The function definitions that belong to the VFS base type itself are found in the fs/*.c files in kernel source, while the subdirectories of fs/ contain the specific filesystems. The kernel also contains filesystem-like entities such as cgroups, /dev, and tmpfs, which are needed early in the boot process and are therefore defined in the kernel’s init/ subdirectory. Note that cgroups, /dev, and tmpfs do not call the file_operations big-three functions, but directly read from and write to memory instead.
The diagram below roughly illustrates how userspace accesses various types of filesystems commonly mounted on Linux systems. Not shown are constructs like pipes, dmesg, and POSIX clocks that also implement struct file_operations and whose accesses therefore pass through the VFS layer.
How userspace accesses various types of filesystems:
VFS are a “shim layer” between system calls and implementors of specific file_operations like ext4 and procfs.
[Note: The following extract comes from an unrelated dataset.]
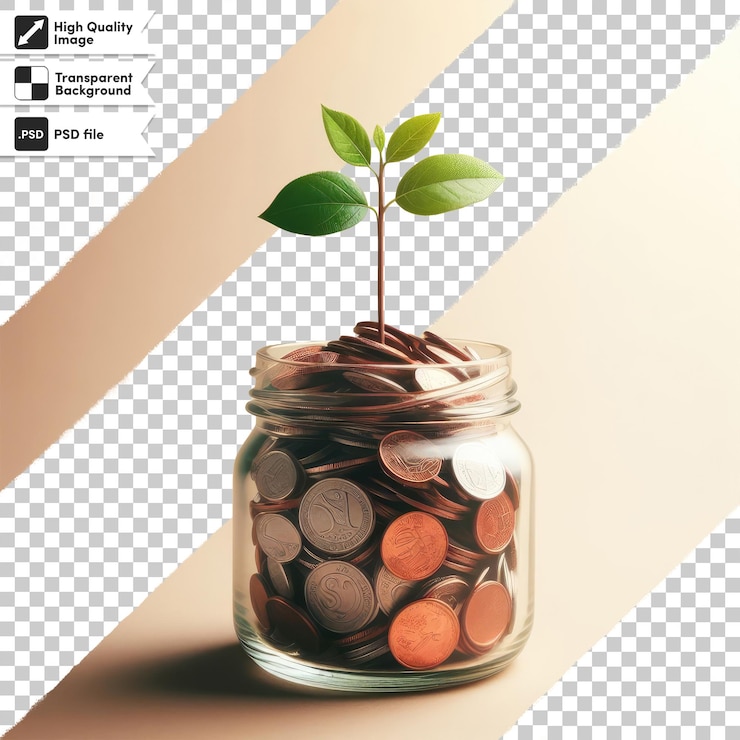 PSD psd a plant growing from a pile of coins on a table on transparent background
The file_operations functions can then communicate either with device-specific drivers or with memory accessors. tmpfs, devtmpfs and cgroups don’t make use of file_operations but access memory directly.
VFS’s existence promotes code reuse, as the basic methods associated with filesystems need not be re-implemented by every filesystem type. Code reuse is a widely accepted software engineering best practice! Alas, if the reused code introduces serious bugs, then all the implementations that inherit the common methods suffer from them.
/tmp: A simple tip
An easy way to find out what VFSes are present on a system is to type mount | grep -v sd | grep -v :/, which will list all mounted filesystems that are not resident on a disk and not NFS on most computers. One of the listed VFS mounts will assuredly be /tmp, right?
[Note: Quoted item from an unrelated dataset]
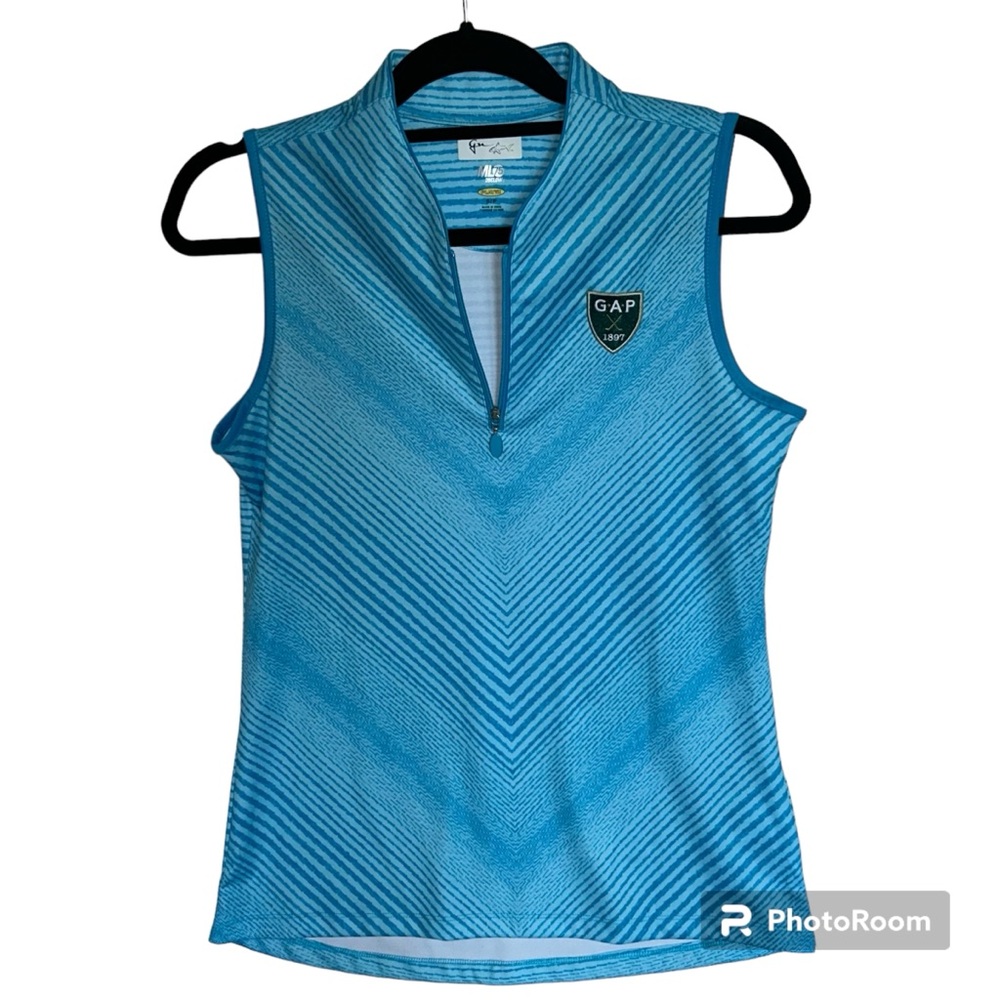 GREG NORMAN Sleeveless Golf Shirt GAP 1897 Play Dry Quarter Zip Top Blue Size S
Why is keeping /tmp on storage inadvisable? Because the files in /tmp are temporary(!), and storage devices are slower than memory, where tmpfs are created. Further, physical devices are more subject to wear from frequent writing than memory is. Last, files in /tmp may contain sensitive information, so having them disappear at every reboot is a feature.
Unfortunately, installation scripts for some Linux distros still create /tmp on a storage device by default. Do not despair should this be the case with your system. Follow simple instructions on the always excellent Arch Wiki to fix the problem, keeping in mind that memory allocated to tmpfs is not available for other purposes. In other words, a system with a gigantic tmpfs with large files in it can run out of memory and crash. Another tip: when editing the /etc/fstab file, be sure to end it with a newline, as your system will not boot otherwise. (Guess how I know.)
/proc and /sys
Besides /tmp, the VFSes with which most Linux users are most familiar are /proc and /sys. (/dev relies on shared memory and has no file_operations). Why two flavors? Let’s have a look in more detail.
The procfs offers a snapshot into the instantaneous state of the kernel and the processes that it controls for userspace. In /proc, the kernel publishes information about the facilities it provides, like interrupts, virtual memory, and the scheduler. In addition, /proc/sys is where the settings that are configurable via the sysctl command are accessible to userspace. Status and statistics on individual processes are reported in /proc/ directories.
/proc/meminfo is an empty file that nonetheless contains valuable information.
The behavior of /proc files illustrates how unlike on-disk filesystems VFS can be. On the one hand, /proc/meminfo contains the information presented by the command free. On the other hand, it’s also empty! How can this be? The situation is reminiscent of a famous article written by Cornell University physicist N. David Mermin in 1985 called “Is the moon there when nobody looks? Reality and the quantum theory.” The truth is that the kernel gathers statistics about memory when a process requests them from /proc, and there actually is nothing in the files in /proc when no one is looking. As Mermin said, “It is a fundamental quantum doctrine that a measurement does not, in general, reveal a preexisting value of the measured property.” (The answer to the question about the moon is left as an exercise.)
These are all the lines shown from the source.